Bioinformatic requirements for protein database searching using predicted epitopes from disease-associated antibodies.


We describe a new approach to identify proteins involved in disease pathogenesis. The technology, Epitope-Mediated Antigen Prediction (E-MAP), leverages the specificity of patients' immune responses to disease-relevant targets and requires no prior knowledge about the protein. E-MAP links pathologic antibodies of unknown specificity, isolated from patient sera, to their cognate antigens in the protein database. The E-MAP process first involves reconstruction of a predicted epitope using a peptide combinatorial library. We then search the protein database for closely matching amino acid sequences. Previously published attempts to identify unknown antibody targets in this manner have largely been unsuccessful for two reasons: 1) short predicted epitopes yield too many irrelevant matches from a database search and 2) the epitopes may not accurately represent the native antigen with sufficient fidelity.

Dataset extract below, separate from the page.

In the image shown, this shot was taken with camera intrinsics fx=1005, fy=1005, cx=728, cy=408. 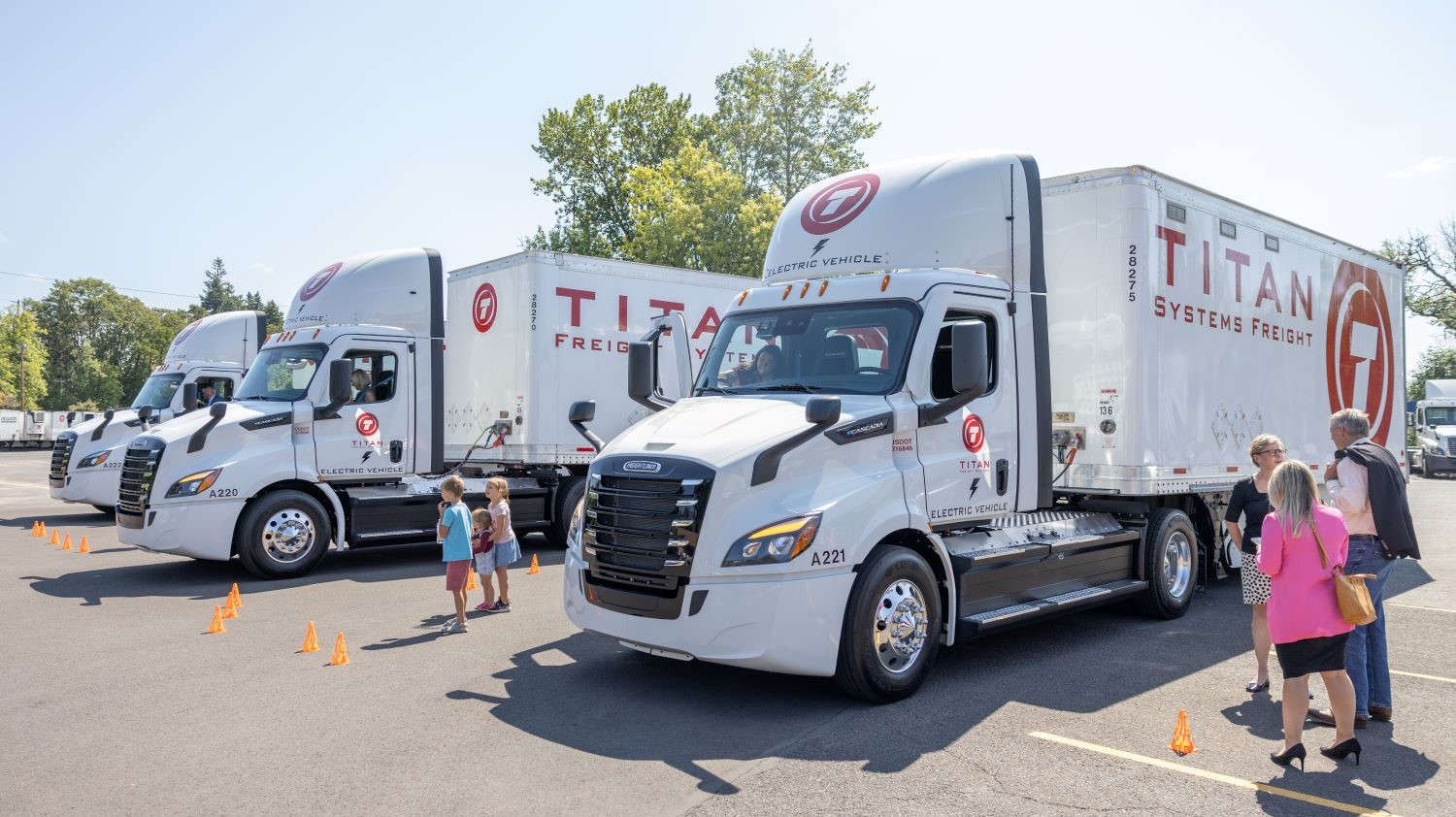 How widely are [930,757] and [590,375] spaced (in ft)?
29.5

Using an in silico model, we demonstrate the critical threshold requirements for epitope length and epitope fidelity. We find that epitopes generally need to have at least seven amino acids, with an overall accuracy of >70% to the native protein, in order to correctly identify the protein in a nonredundant protein database search. We then confirmed these findings experimentally, using the predicted epitopes for four monoclonal antibodies. Since many predicted epitopes often fail to achieve the seven amino acid threshold, we demonstrate the efficacy of paired epitope searches. This is the first systematic analysis of the computational framework to make this approach viable, coupled with experimental validation.